# Repair Scheduling in Wireless Distributed Storage with D2D Communication

###### Abstract

We consider distributed storage (DS) for a wireless network where mobile devices arrive and depart according to a Poisson random process. Content is stored in a number of mobile devices, using an erasure correcting code. When requesting a piece of content, a user retrieves the content from the mobile devices using device-to-device communication or, if not possible, from the base station (BS), at the expense of a higher communication cost. We consider the repair problem when a device that stores data leaves the network. In particular, we introduce a repair scheduling where repair is performed (from storage devices or the BS) periodically. We derive analytical expressions for the overall communication cost of repair and download as a function of the repair interval. We illustrate the analysis by giving results for maximum distance separable codes and regenerating codes. Our results indicate that DS can reduce the overall communication cost with respect to the case where content is only downloaded from the BS, provided that repairs are performed frequently enough. The required repair frequency depends on the code used for storage and the network parameters. In particular, minimum bandwidth regenerating codes require frequent repairs, while maximum distance separable codes give better performance if repair is performed less frequently. We also show that instantaneous repair is not always optimal.

## I Introduction

It is predicted that global mobile data traffic will reach 24.3 exabytes per month by 2019, nearly a tenfold increase compared to the traffic in 2014 [1]. This dramatic increase in mobile data traffic threatens to completely congest the already burdened wireless networks. One popular approach to reduce peak traffic is to store popular data closer to the end users, a technique also known as caching. Recently, a novel architecture was proposed to efficiently handle highly predictable bulky traffic, such as video traffic [2]. The idea is to deploy a number of access points (called helpers) with large storage capacity, but low-rate wireless backhaul, and store data across them. Users can then download content from the helpers, resulting in a performance gain.

In [3] it was suggested to store content directly in the mobile devices, taking advantage of the high storage capacity of modern smart phones and tablets. Hence, no additional infrastructure is required. Traffic to the BS is alleviated by maximizing the number of times a requested file can be retrieved from the mobile devices storing content, using device-to-device (D2D) communication.
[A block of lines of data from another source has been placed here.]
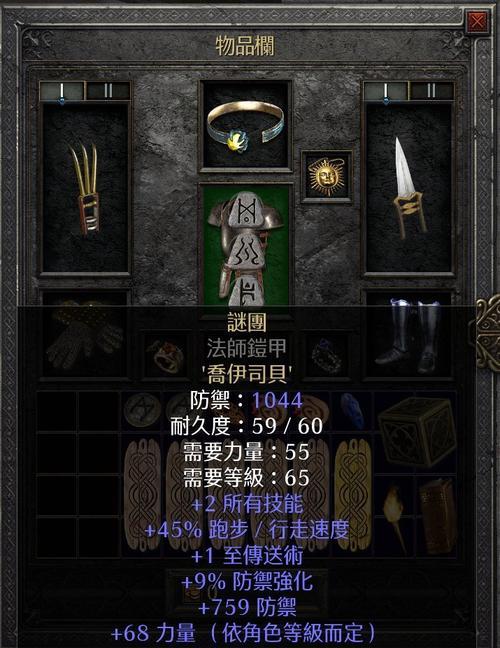 暗黑3法师的利器-三连宝球（无敌法力全凭这三件神器）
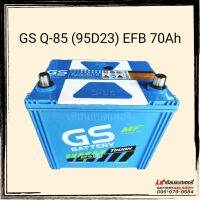 GS Q-85 ISS EFB (95D23) แบตเตอรี่รถยนต์ แบตเก๋ง แบตระบบISS แบตอีโค่คาร์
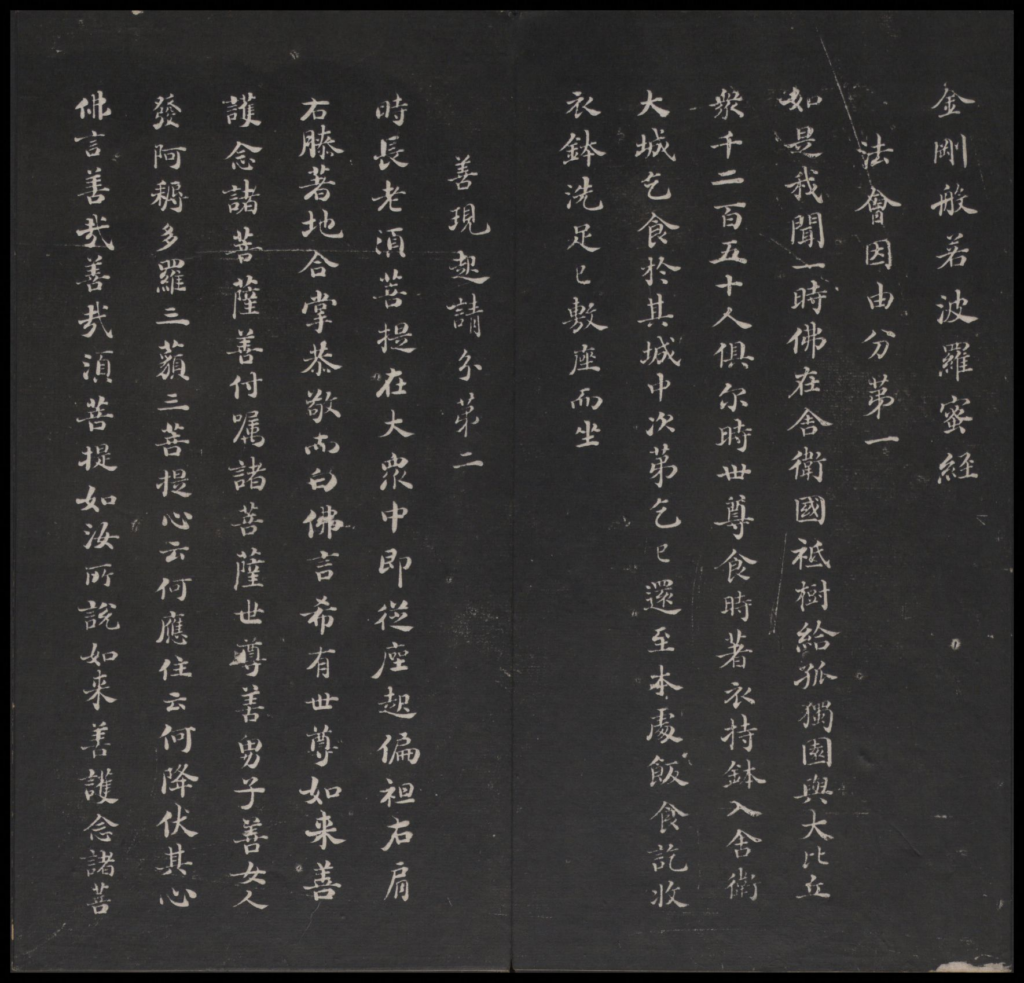 图片[3]-金刚般若波罗蜜经-拾宜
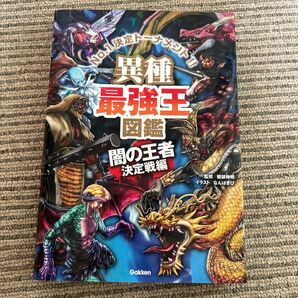 異種最強王図鑑 No.1決定トーナメント!! 闇の王者決定戦編 Gakken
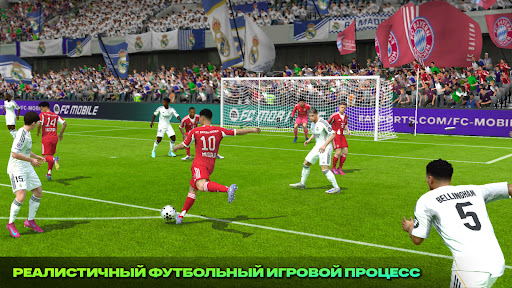 FIFA Футбол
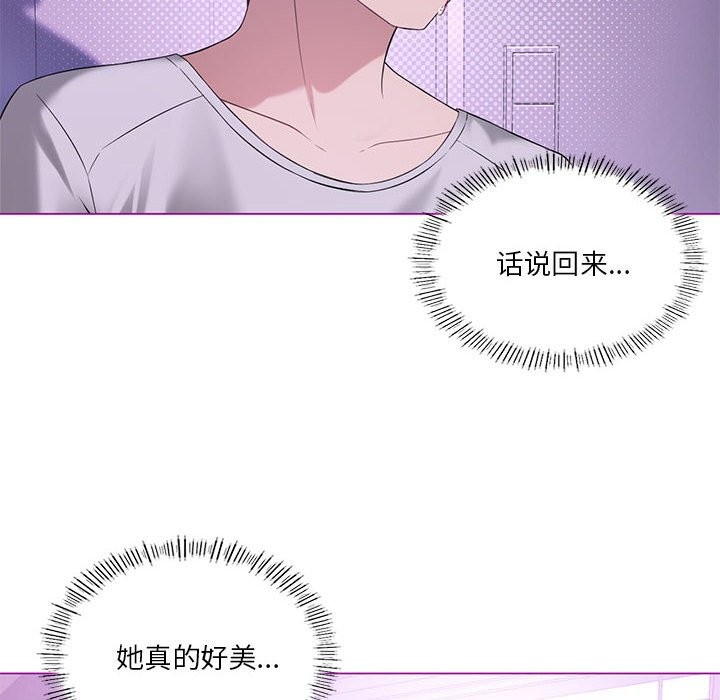 第24话 - 第6.jpg页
The problem of repairing the lost data when a device leaves the network was considered in [4], where data is stored in the mobile devices using erasure correcting coding. In particular, the communication cost incurred by data download and repair is analyzed in [4], assuming an infinite storage capacity in the mobile devices and instantaneous repair.

In this paper, we consider distributed storage (DS) in a wireless network scenario similar to the one in [4]. We consider a cellular system where mobile devices roam in and out of a cell according to a Poisson random process and request content at random times. The cell is served by a base station (BS), which always has access to the content. Content is also stored across a limited number of mobile devices using an erasure correcting code. When a user requests a piece of content, it attempts to download it from the mobile devices using D2D communication. If not possible, the content is downloaded from the BS, at the expense of a higher communication cost. Our main focus is on the repair problem when a device that stores data leaves the network. In particular, we introduce a repair scheduling where lost content is repaired (from storage devices sojourning in the cell or from the BS) at periodic times. We derive analytical expressions for the total communication cost of repair and download as a function of the repair interval. Furthermore, we analyze several erasure correcting codes, namely maximum distance separable (MDS), and regenerating codes. We show that DS can reduce the overall communication cost as compared to the classical scenario where content is only downloaded from the BS, provided that repairs are performed frequently enough. The required frequency depends on the code family and on the network parameters. Somewhat surprisingly, instantaneous repair is not always the optimal.

## Ii System Model

We consider a single cell in a cellular network, served by a BS, where mobile devices (referred to as nodes) arrive and depart according to a Poisson process. The average number of nodes in the network is . Nodes wish to download content from the network. For simplicity, we assume that there is a single object (file), of size bits, stored at the BS. We further assume that nodes can store data and communicate between them using D2D communication. The considered scenario is depicted in Fig. 1.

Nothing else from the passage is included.